刀工を志し、明和八年、二十二歳で武蔵国八王子の宮川吉英に入門し「下原派」の技術を習得する。出羽国に帰国したのち、安永三年、山形城主秋元永朝にお抱え刀工として出仕する。

この頃から「水心子」の号を使い始める。天明元年に出府し、日本橋浜町にあった秋元家中屋敷にて作刀を再開。同時に「刀剣実用論」「刀剣武用論」などの理論書を執筆し「相州伝」「備前伝」を研究。このときの研鑽が「刀剣懐古論」の提唱に繋がっていった。

作風は、当時流行していた華美で反りの浅い刀姿に反して、古刀の趣のある反りが深い実用本位の刀剣が特長といえる。「刀剣懐古論」は、多くの刀工の共感を得て作刀技術の主流となっていく。

この流れの中で製作された刀剣を「新々刀」と称する。代表作は、特別保存刀剣「刀 銘 水心子正秀 天明五年二月日彫同作」などがある。

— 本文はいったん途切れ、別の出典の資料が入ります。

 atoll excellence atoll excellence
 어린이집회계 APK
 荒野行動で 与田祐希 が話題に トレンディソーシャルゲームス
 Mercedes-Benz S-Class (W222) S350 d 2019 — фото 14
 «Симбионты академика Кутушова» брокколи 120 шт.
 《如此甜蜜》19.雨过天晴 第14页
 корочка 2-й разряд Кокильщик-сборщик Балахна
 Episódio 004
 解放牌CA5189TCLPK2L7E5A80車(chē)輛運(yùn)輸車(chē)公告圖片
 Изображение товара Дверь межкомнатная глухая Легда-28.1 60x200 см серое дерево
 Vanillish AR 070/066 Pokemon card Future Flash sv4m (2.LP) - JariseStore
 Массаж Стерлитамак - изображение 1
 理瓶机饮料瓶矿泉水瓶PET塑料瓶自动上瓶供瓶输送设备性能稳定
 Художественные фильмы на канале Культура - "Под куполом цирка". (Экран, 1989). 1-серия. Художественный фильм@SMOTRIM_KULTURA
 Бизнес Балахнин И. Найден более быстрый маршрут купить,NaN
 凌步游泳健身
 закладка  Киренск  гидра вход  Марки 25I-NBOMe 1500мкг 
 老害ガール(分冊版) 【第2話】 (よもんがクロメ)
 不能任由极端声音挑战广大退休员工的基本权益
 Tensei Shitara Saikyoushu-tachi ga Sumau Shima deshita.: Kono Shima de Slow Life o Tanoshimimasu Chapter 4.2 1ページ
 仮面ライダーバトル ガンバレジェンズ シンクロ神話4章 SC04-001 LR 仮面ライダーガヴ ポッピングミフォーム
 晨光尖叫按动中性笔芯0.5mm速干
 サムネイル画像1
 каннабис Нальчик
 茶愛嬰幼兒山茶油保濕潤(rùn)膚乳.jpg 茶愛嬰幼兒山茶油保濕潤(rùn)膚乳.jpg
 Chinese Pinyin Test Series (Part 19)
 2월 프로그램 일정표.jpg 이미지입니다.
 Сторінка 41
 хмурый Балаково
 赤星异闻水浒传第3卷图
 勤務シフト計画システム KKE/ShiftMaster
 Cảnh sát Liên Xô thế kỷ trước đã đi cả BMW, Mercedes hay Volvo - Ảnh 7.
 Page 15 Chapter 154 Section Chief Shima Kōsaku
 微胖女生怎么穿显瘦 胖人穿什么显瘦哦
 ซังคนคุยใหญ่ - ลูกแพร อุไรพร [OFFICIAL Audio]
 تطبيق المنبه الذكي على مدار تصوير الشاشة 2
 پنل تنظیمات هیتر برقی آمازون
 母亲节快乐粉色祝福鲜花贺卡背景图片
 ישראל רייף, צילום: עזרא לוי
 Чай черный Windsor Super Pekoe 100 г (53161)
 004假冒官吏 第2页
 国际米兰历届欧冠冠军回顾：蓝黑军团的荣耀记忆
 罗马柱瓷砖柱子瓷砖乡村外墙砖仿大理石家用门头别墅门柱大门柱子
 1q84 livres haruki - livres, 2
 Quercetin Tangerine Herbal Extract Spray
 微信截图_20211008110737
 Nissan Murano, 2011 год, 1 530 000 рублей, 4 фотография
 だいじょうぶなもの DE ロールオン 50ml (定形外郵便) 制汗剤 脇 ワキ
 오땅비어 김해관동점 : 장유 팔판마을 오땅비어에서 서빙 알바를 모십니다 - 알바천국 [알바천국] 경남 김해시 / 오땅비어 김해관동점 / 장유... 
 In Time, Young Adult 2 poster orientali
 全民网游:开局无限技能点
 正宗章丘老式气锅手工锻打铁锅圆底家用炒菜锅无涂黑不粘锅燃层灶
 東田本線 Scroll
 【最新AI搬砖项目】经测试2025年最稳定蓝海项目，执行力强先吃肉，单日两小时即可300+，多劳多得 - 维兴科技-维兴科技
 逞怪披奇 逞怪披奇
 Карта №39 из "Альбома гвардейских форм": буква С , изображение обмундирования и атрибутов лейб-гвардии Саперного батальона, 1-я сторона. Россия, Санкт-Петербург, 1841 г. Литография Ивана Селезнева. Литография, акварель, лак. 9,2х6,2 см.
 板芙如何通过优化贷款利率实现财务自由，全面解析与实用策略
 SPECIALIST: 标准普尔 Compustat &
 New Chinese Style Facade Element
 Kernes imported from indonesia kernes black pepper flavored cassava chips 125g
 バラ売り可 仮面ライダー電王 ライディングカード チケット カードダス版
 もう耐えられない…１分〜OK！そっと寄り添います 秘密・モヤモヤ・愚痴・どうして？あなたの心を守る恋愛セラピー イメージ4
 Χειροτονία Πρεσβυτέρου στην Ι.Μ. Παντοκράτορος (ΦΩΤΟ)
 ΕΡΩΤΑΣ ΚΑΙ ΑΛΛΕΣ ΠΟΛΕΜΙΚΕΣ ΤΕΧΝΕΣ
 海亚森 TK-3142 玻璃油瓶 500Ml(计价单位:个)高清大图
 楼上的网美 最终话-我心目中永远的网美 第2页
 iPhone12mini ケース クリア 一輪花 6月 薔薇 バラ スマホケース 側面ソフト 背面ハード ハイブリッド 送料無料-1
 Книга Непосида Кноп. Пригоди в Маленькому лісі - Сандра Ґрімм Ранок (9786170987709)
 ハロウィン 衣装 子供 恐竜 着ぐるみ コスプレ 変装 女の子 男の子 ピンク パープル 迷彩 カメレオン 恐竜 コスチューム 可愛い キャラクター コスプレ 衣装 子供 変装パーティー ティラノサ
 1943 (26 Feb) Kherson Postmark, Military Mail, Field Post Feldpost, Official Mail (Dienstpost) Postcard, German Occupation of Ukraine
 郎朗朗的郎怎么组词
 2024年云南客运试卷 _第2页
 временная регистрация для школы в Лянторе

名乗りがまだ晴信だった頃の武田信玄は、駿河平定を祈念して、駿河国一之宮富士山本宮浅間神社に対して社領の寄進、社殿の造営をおこなった。同時に奉納したのが、同神社の宝物として現在に至る「備前国長船景光」である。この時、駿河平定は叶わなかったが、後には駿河平定を成し遂げている。数多くの名工を世に送り出した備前長船派、中でも名工の誉れが高かったのが景光である。備前長船派は、祖を光忠、その子長光、そして、その子景光と連なる。地鉄の肌は、非常に繊細な小板目肌に仕上がり、整った乱れ映りの様が美しい。刃文は豪華な仕上がりの匂出来の直刃調。日本刀独自の造込である鎬造に樋が通してある。反りの中心を柄の近くに置く腰反りの美しさが、見るものを魅了する。帽子は横手上の刃が狭い三作帽子。まさに美と力を共存させた名刀といえるかもしれない。江戸時代に編まれた古美術図録集「集古十種」にこの景光らしき太刀が記載されている。図録集には、金梨子地の鞘と鮫革包の柄が描かれていた。浅間神社の記録にも残っている。だが、現在は散逸してしまって残っていない。

歴史の中でイメージされる「日本刀」は、合戦の中で人々の武器として活躍した壮大なイメージがありますが、現実的には日本刀などの刀剣は合戦にはあまり用いられない武器であったようです。鉄砲が武器として出現するまでに、合戦にて多く用いられた武器は、弓矢、薙刀、槍などになるようで、さらには投石や小石などが日本刀よりも数多く用いられていたようなのです。

時代劇のなかで姿をあらわす「日本刀」といえば、合戦の決着がついた際に相手の首を取ったり、武士たちが切腹をする際などに用いられていたような印象がありますが、実際には現代における時代劇のような使われ方はしなかったのではなかろうかと考察している専門家たちもいるようです。

たしかに「日本刀」のような、腕の長さほどの長さのあるものを実用的に合戦のなかで兵士たちが振り回すことは非常に無理があるフォルムをしているかもしれませんね。現代人が抱く「日本刀」へのイメージは、映画、アニメ、漫画、時代劇などに登場する役者たちが演じる武士たちのイメージが強く定着してしまっているのかもしれません。